Lou Gehrig’s Disease, known medically as Amyotrophic Lateral Sclerosis (ALS), is a disease that typically starts out on one of two paths: limb onset or bulbar (affecting the respiratory system and a patient’s speech). It is still a rare disease according to Lori Dobbs, ALS St. Louis Regional Care Services Coordinator, who provides services at the ALS Clinic at Saint Francis Medical Center, Cape Girardeau.
She and a team of ALS St. Louis Regional Care members were present at an open house reception Thursday, March 7, at the Cape Girardeau Public Library.
The reception included a talk followed by a question and answer session by Dr. Andrew Godbey, medical director of the ALS clinic at Saint Francis Medical Center.
On display is “A Day in the Life of Larry,” a photo exhibition of the late Larry Tyler and family, shared by Sarah Howell, photographer. The exhibit will be displayed until Friday, March 22.
The sharp black and white images — complete with many gray areas — portray an ordinary family coping with fatal disease and how it challenges relationships and daily tasks while embracing every precious moment left with a loved one.
Howell’s opportunity to spend two days interacting with the Larry Tyler family before his death in February, 2016, seemed to capture contrasting emotions of comfort and happiness, isolation, desperation, laughter, determination and frustration.
Tyler, a husband, father, grandparent, devoted friend and coach was diagnosed with ALS in 2014. He passed away from the disease 18 months later.
“Larry is very special to us,” said Maureen Barber Hill, ALS St. Louis Regional Chapter President and CEO. “Sarah Howell, photographer, captured the good, the bad and the ugly.”
This was Larry Tyler’s third road trip. His debut exhibit, at Chase Park Plaza, St. Louis, in February 2017, was named “Warm Your Heart with Art.”
The exhibit traveled to St. Louis Public Library next.“A Day in the life of Larry” was brought to Cape Library because of the large footprint held by ALS St. Louis Chapter. “It’s important to get to other parts of the region,” said Barber Hill.
ALS patients can experience difficulty with speech and movement. In every photograph Tyler is wearing his breathing mask. It is no wonder that alternate means of communicating besides talking, are essential for patients to communicate with care-givers, family members and individuals they encounter over the last chapter of their lives.
Tyler’s supportive network—his caring family—is pictured actively helping to bridge the gap of communication with technology. Face to face visits with family members and friends, captured through Howell’s lens, document Tyler’s journey and how isolation was probably not an issue for him.

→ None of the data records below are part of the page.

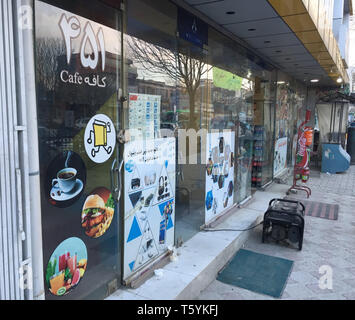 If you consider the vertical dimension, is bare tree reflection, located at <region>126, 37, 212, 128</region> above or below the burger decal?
above

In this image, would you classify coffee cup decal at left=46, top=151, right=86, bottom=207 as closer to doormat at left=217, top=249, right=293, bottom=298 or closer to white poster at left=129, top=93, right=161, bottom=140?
white poster at left=129, top=93, right=161, bottom=140

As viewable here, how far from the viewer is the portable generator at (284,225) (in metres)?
4.34

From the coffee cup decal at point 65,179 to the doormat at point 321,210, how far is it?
4.95 m

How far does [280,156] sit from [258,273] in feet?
18.6

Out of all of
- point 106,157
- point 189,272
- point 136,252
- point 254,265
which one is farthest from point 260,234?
point 106,157

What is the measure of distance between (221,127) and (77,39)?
2.92 metres

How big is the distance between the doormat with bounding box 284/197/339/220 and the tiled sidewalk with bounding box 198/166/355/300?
0.13 m

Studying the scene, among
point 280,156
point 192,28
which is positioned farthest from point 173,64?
point 280,156

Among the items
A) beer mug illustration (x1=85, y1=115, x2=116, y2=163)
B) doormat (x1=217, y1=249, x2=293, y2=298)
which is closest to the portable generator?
doormat (x1=217, y1=249, x2=293, y2=298)

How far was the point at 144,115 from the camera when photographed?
9.74 ft

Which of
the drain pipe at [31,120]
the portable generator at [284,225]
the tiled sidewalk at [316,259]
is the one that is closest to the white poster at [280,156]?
the tiled sidewalk at [316,259]

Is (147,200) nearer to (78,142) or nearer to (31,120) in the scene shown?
(78,142)

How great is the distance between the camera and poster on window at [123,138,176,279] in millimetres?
2857

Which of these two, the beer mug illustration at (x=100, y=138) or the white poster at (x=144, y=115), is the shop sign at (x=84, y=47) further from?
the white poster at (x=144, y=115) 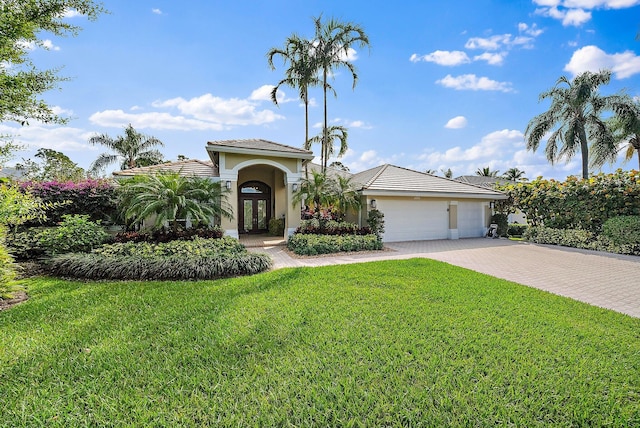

“There’s not one simple blood test for this disease,” said Dobbs. Symptoms that patients exhibit could be the same as those that stroke patients have. In some ways, diagnosis of ALS is a process of elimination, said Dobbs, who is just one of the many who proudly serve to help provide a better quality of life to those with ALS.
ALS patients are seen at the Saint Francis clinic for evaluation and guidance for their ALS. “We provide care service on all ends to get a patient good nutrition, access to an equipment loan closet and help for caregivers through respite grants,” said Dobbs.
At the clinic, patients are seen by a team of healthcare professionals including a physical therapist, speech therapist, respiratory therapist, nurse, doctor, dietician and care services coordinator.
“Each discipline makes an assessment; then they get together at a round table to implement a plan for a patient’s specific needs,” said Dobbs.
“We try and stay ahead of the disease,” she said.
For people facing enough challenges with daily living, the St. Francis Clinic also enables them to get help without having to travel as far.
Dr. Godbey, neurologist, told the audience there is no cure for ALS and that making patients’ lives better is the goal strived for. “We are getting closer to what causes it. There is a lot of research on genetics in this area,” he said.
“Honestly, the ALS Clinic is an ideal situation. It would be ideal for all disorders. About 15 people have visited between 2018 and 2019 and if they have a lot of concerns, they come back more frequently than every three months,” said Godbey.
Godbey believes his work with ALS patients makes an impact on people’s lives. “In treating people, you look into yourself as well and ask, what if?”
Besides the asset of multiple eyes and different points of view on the patient at the ALS St. Francis Clinic, “Lori will call you on the phone or visit you at home,” said Godbey. “When you’re in the hospital, there’s a lot of stress. Seeing people in their homes is really beneficial. And we also look at the caregiver who is under a lot of stress and determine what are the issues? This makes patients’ lives better. It is really about the quality of life,” said Godbey.
Questions from the audience included concerns from a paramedic who wanted to know the most common issues with ALS. “Respiratory bulbar weakness,” said Godbey. “It is anxiety provoking. The patient can’t breathe. We also focus on being able to swallow.”
Another question from the audience came from the child of a dad with ALS. “Do you see a lot of Parkinson’s Disease followed by ALS in the next generation?” Godbey’s answer: “The biggest risk for all is age. There’s definitely a genetic predisposition but that doesn’t mean you’re going to get it.”